Like other Governors before him, Johnston was elected to the US Senate, where, in the tradition of South Carolina politics, he remained until he died in office.




5 The Kiss of a Red-Haired Woman



The story of Leo Jenkins’ most widely publicized case came as his Identification Unit had reached it prime. Jenkins was a rock star. The press fed accounts of his exploits to an eager and admiring public. Jenkins became a star attraction at the annual State Fair in Columbia, where he manned a display of the most modern crime-fighting technology. A natural-born teacher, Jenkins thoroughly enjoyed explaining the art and science of modern law enforcement. Because of his un-assuming nature, Jenkins was equally popular with the political side of law enforcement, the Sheriffs and Chiefs of Police who had the ears of their respective Senators.


The Kiss of a Red-Haired Woman case had it all – an evil and desperate criminal, a beautiful woman gone astray, a good and righteous cop shot down in his prime, the work of a super-sleuth, followed by a manhunt, a high-speed chase, a shootout, and then an ending with high drama in a packed courtroom. The newspaper accounts that followed the case as it unfolded read like pulp fiction. Jenkins’ own account was characteristically humble, as printed in the September 1938 edition of Fingerprint Magazine.


Prints Jail Murderer for Life

by Lt. Leo Jenkins, Supt.,

South Carolina Highway Patrol

Bureau of Identification


I became a member of the South Carolina Highway Patrol in June, 1930. After several short departmental assignments, I was stationed in the northeastern part of the state. While there I was severely injured in an automobile accident, and was disabled for months. It was during my convalescence from this injury that I became interested in the science of fingerprints.


Feeling that I would never again be able to perform the duties I fulfilled before my accident and desiring to continue to be active in law enforcement, I decided to enroll for the course offered by the Institute of Applied Science. Shortly after being graduated from the school I was called upon to investigate several crimes throughout the State of South Carolina, thereby gaining practical experience which later stood me in good stead.


July 6, 1936 I was transferred from territorial assignments to the state capital at Columbia to set up an identification bureau for the Highway Patrol. I was made a lieutenant in the patrol, and since that time I have been superintendent of the bureau. Our bureau has grown by leaps and bounds. Since its organization we have prepared 132 cases of scientific evidence for trial, ranging from petty larceny to murder. Of these, 93 have been cases with finger print evidence alone, in only one of which a conviction was not obtained.
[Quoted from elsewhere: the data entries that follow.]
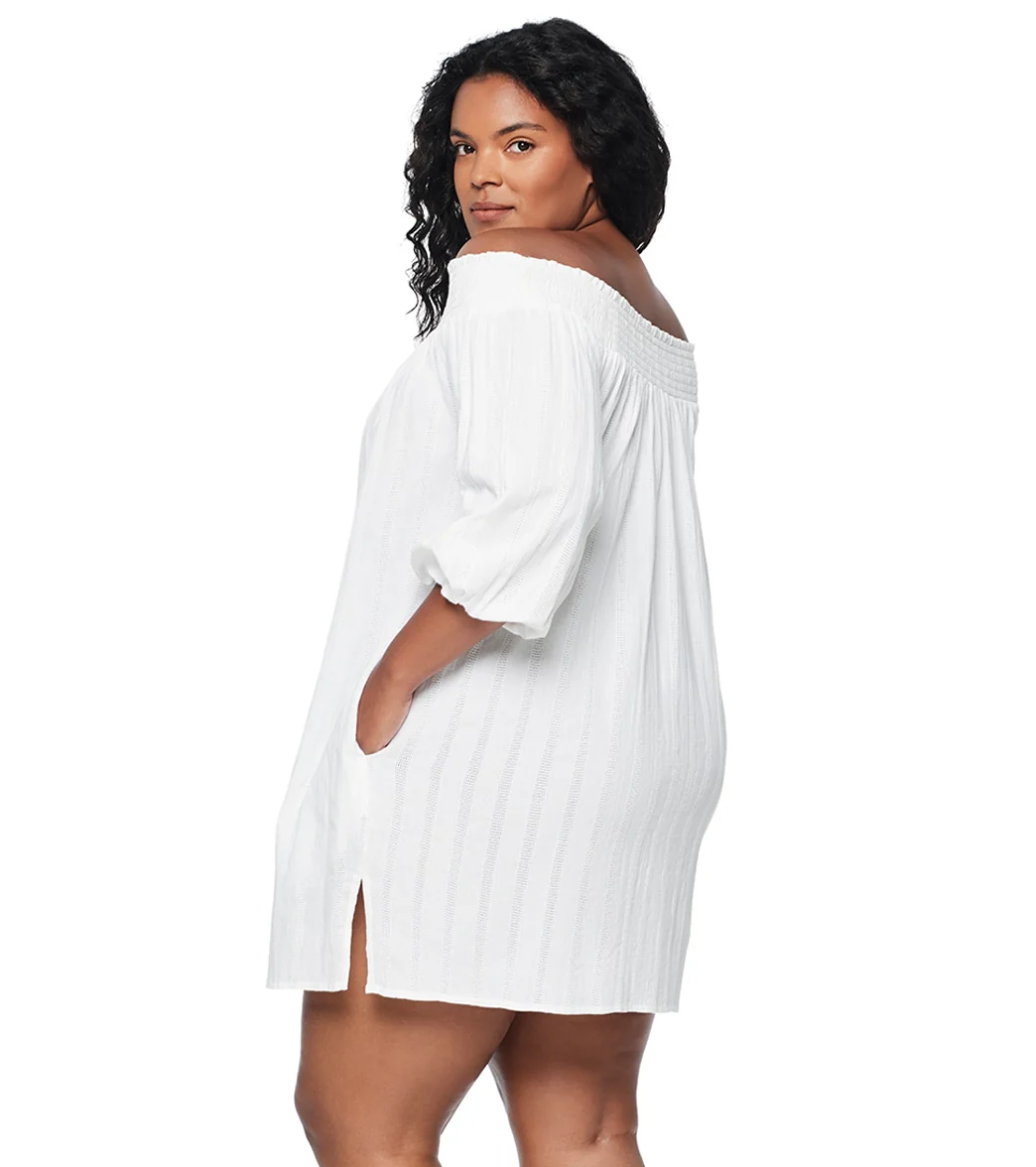 Lauren Ralph Lauren Women's Plus Size Dobby Off the Shoulder Dress - Image 2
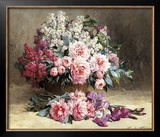 Lilac and Peonies with Irises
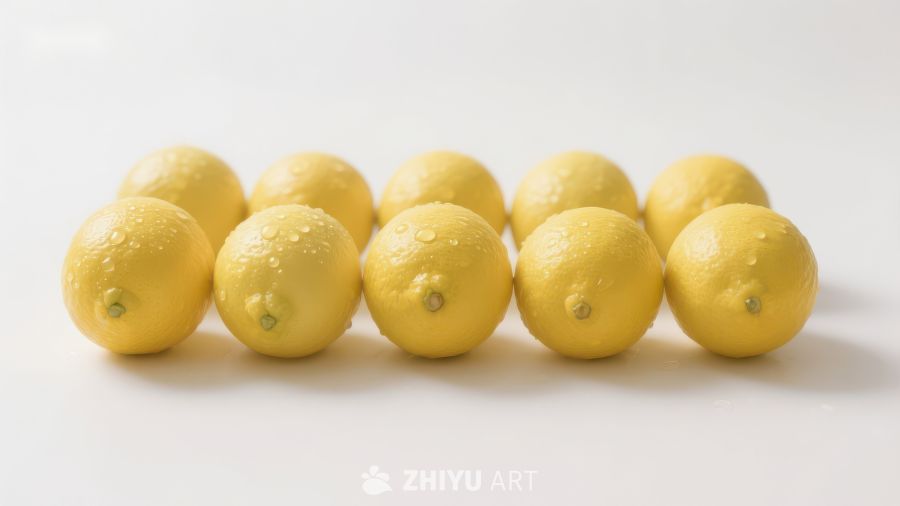 新鲜柠檬排列展示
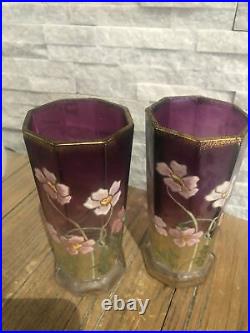 Paire vase ancien émaillé Art Nouveau Legras Fleurs Or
My 113th case came to my attention at an early hour on the morning of July 4, 1937 when I was called upon over the telephone to make a hurried trip seventy-four miles away to Lancaster County where a police officer had been brutally slain by someone using a shotgun loaded with buck shot.


Within the shortest possible time to make the trip, I arrived at the scene of the murder, and found a wrecked automobile bearing out of state license plates. The chance of ever breaking the case seemed pretty slim at first. What appeared to be almost useless clues gradually worked themselves out, however, and it was not long before we began to pick up details of what had transpired.


A spectator to the shooting gave me a statement to the effect that a man and a woman were the sole occupants of the car, and that the man had done the fatal shooting. One person out of over 120,000,000 in the United States had committed the deed, and it was our job to trace him through his wrecked car.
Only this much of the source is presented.